Nuclear-armed nations hiked spending on atomic weapons arsenals by one-third in the past five years as they modernized their stockpiles amid growing geopolitical tensions, two reports showed yesterday.
The world’s nine nuclear-armed states jointly spent US$91 billion on their arsenals last year, according to a new report from the International Campaign to Abolish Nuclear Weapons (ICAN).
That report, and a separate one from the Stockholm International Peace Research Institute (SIPRI), indicated that nuclear weapons states are dramatically scaling up spending as they modernize and even deploy new nuclear-armed weapons.
Photo: Staff Sergeant J.T. Armstrong / US Air Force via AP
“I think it is fair to say there is a nuclear arms race under way,” ICAN executive director Melissa Parke said.
Wilfred Wan, head of SIPRI’s weapons of mass destruction program, warned in a statement that “we have not seen nuclear weapons playing such a prominent role in international relations since the Cold War.”
SIPRI’s report showed that the total estimated number of nuclear warheads in the world actually declined to 12,121 at the start of this year, from 12,512 a year earlier, but while some of that included older warheads scheduled to be dismantled, it said 9,585 were in stockpiles for potential use — nine more than a year earlier — while 2,100 were kept in a state of “high operational alert” on ballistic missiles.
Nearly all of those were held by the US and Russia, but China was for the first time believed to also have some warheads on high operational alert, SIPRI said.
“While the global total of nuclear warheads continues to fall as Cold War-era weapons are gradually dismantled, regrettably we continue to see year-on-year increases in the number of operational nuclear warheads,” SIPRI director Dan Smith said.
The spending surge reported by ICAN appeared to back that up.
The report showed that last year alone, nuclear weapons spending worldwide jumped by US$10.8 billion from a year earlier, with the US accounting for 80 percent of that increase.
The US share of total spending, US$51.5 billion, “is more than all the other nuclear-armed countries put together,” ICAN said.
The next biggest spender was China, at US$11.8 billion, followed by Russia, spending US$8.3 billion.
The UK’s spending rose significantly for the second consecutive year, swelling 17 percent to US$8.1 billion.
Spending last year by nuclear-armed states — which also include France, India, Israel, Pakistan and North Korea — jumped more than 33 percent from the US$68.2 billion spent in 2018, when ICAN first began collecting, it said.
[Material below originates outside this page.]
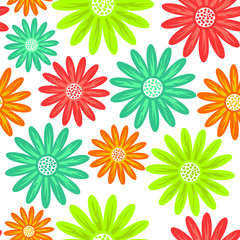 Seamless pattern with flowers, endless floral texture. Seamless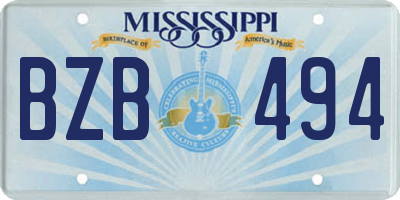 MS license plate BZB494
Since then, nuclear-armed states have spent an estimated US$387 billion on the deadly weapons, the report showed.
Parke slammed “the billions of dollars being squandered on nuclear weapons” as “a profound and unacceptable misallocation of public funds.”
She highlighted that that money was more than what the World Food Programme estimates is needed to end world hunger.
“And you could plant a million trees for every minute of nuclear weapons spending,” she said.
“These numbers are obscene, and it is money that the state says is going towards weapons that... will never be used,” she said, pointing to the nuclear deterrence doctrine.
The investments are not only wasteful, but also extremely dangerous, she added.
Geneva, Switzerland-based ICAN won the 2017 Nobel Peace Prize for its key role in drafting the Treaty on the Prohibition of Nuclear Weapons, which took effect in 2021.
Seventy nations have ratified it to date and more have signed it, although none of the nuclear-armed states have come on board.
“Instead of investing in Armageddon, the nine nuclear-armed states should follow the example of almost half the world’s countries and join the treaty ... and make a real contribution to global security,” said Alicia Sanders-Zakre, a coauthor of the ICAN report.